Hope you get everything worked out to your satisfaction.
good advice. I have ET and JaK2 and takehydroxy and low dose aspirin. personally I noticed that when I put on extra weight during lockdown my platelets went up keep a record and check with your dr. Try not to worry You are young to be diagnosed, but its good that you are getting good care. Bestwishes
Keuna. I had similar situation insisted on bloods for sport injury not healing . 3 months to get correct blood tests sent. Immediately sent to Haemotology cancer clinic . Confirming I had Jak 2 & ET . Also a quick appointment told I had to take HU chemo tablets. I checked my medical records & saw my platelets were rising from 2016 but no one ever mentioned it. They were 579 when told to go on chemo drug in March . Hydroxycarbamide made me very I’ll . So currently only aspirin until August when assessed again . Trying to get an MPN appointment elsewhere as haematology have little knowledge of this rare disorder . Read lots on it . I tried eating vegetarian no dairy which helped platelets to stay stable but told they will rise if no treatment. Aspirin is important as thins the thick platelets. However aspirin reacted to many fruits & foods & gave gastric problems. I now take it with my breakfast as night time it caused gastric problems. I am in UK so maybe some U.S readers can advise on MPN expert . But guess it will be in U.S. Usually email you can write to them on . Good luck Julia UK 👍
Hi, if it’s ET it’s high platelets only. Sounds to me the treatment is correct. By all means seek a second opinion. Maybe your heamo’s was over booked and was really busy. Hopefully he will have more time for you next time. Good luck
Great advice! The most important piece of advice is definitely go see and MPN specialist - most GPs and even hemos just do not have the knowledge/experience to deal with MPNs.

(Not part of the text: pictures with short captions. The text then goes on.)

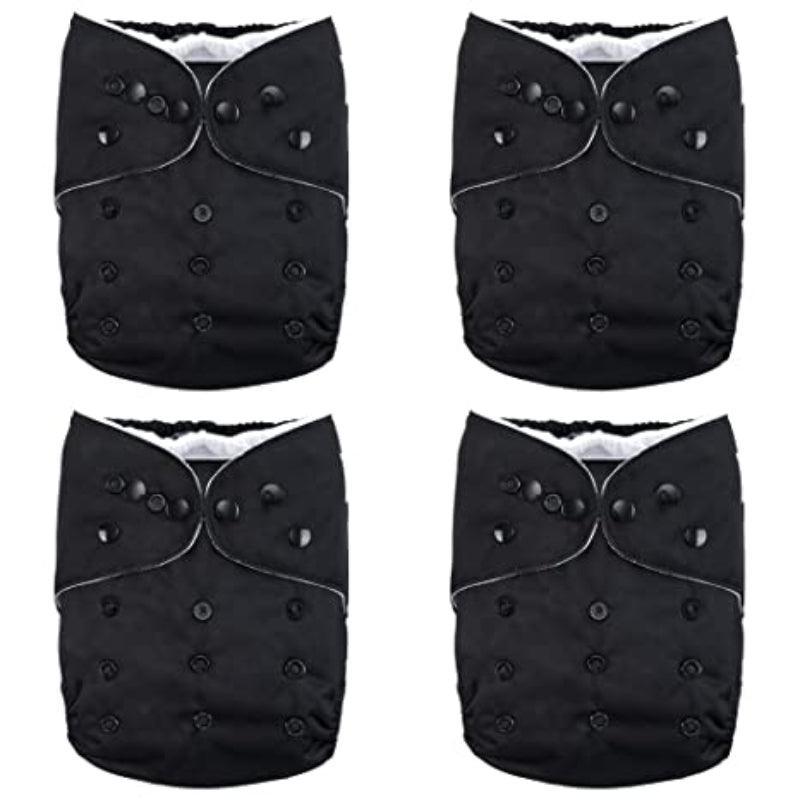 Winter Cloth Pocket Diapers 4 Pack With 4 Bamboo Inserts-Diaper Reusable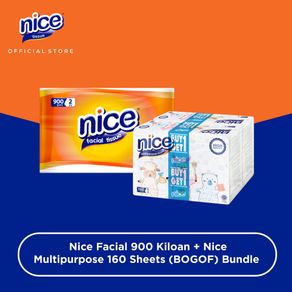 Nice Bundle [Buy 1 Get 1 Free] - Facial Tissue 900 gr + Towel Multifold 160 sheets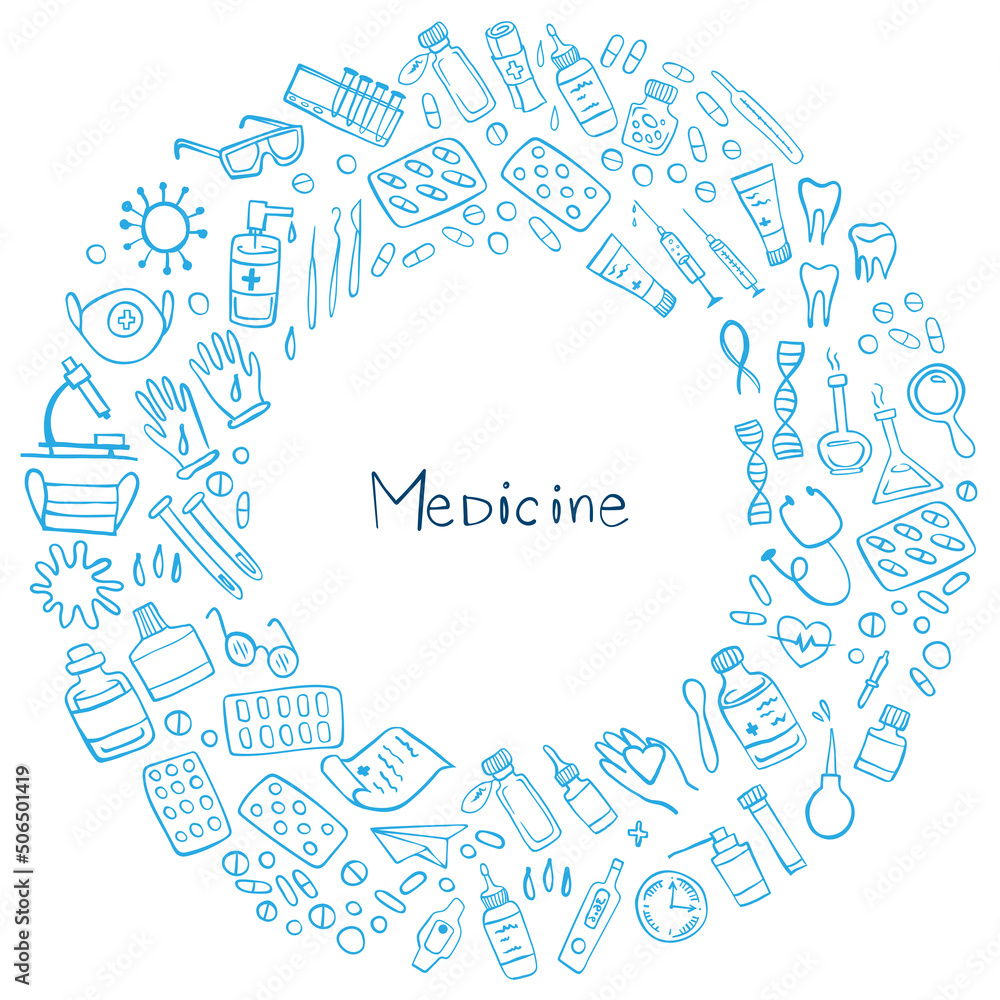 Blue Medicine icons doodle set on white. Health care, pharmacy icons. Vector illustration.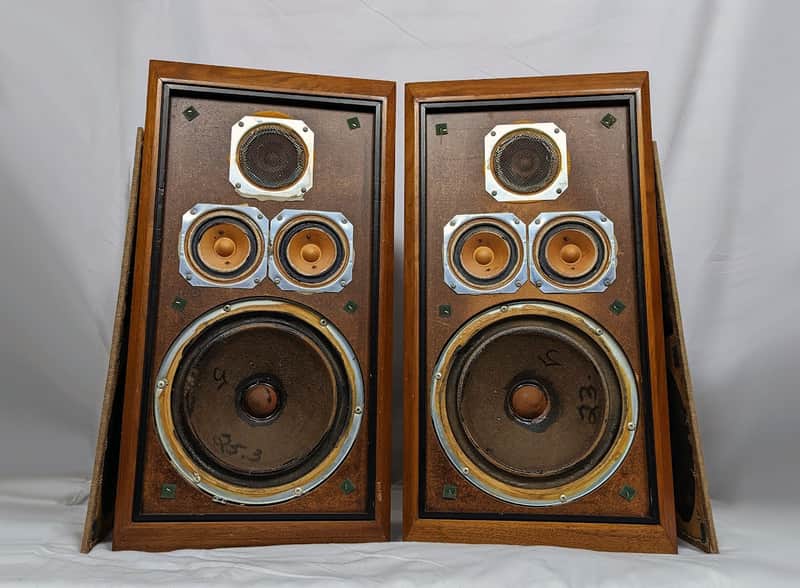 Pair of KLH Model #5 Floor Speakers 1975 Vintage Walnut | Reverb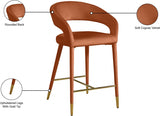 Destiny Velvet Upholstered Stool — 540-C - Cognac - 540Cognac-C Infographic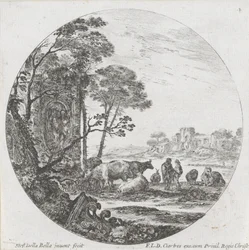 Paesaggio con gregge e capitello corinzio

Also important to figure out if it is ET or PV you are dealing with. In my case my MPN specialist wanted a bone marrow biopsy to help finalize diagnosis (also to provide a baseline for potential future changes/development if needed). Wasn't a pleasant experience but I am glad I had it done. I was 50 when diagnosed with ET Jak2+ (although looking back at my CBC history I had high platelets at least from the time I was 43). Given my age, <60/65 and no history of thrombotic events, my MPN specialist initially was fine with an aspirin and monitor approach. While the official platelet range is <450, my doctor was fine with platelets at even 1,000 as long as there weren't any other complications/issues (and I was on the low dose aspirin). That changed when my platelets shot up to 1,400 and I had bleeding at my gums. We then decided to go down the medicine/cytoreduction route.
Started out on HU, but couldn't tolerate it and moved to Peg (interferon) . Good news is that there are more options these days and research being conducted for future medicines as well. Def seek a second opinion. Good luck!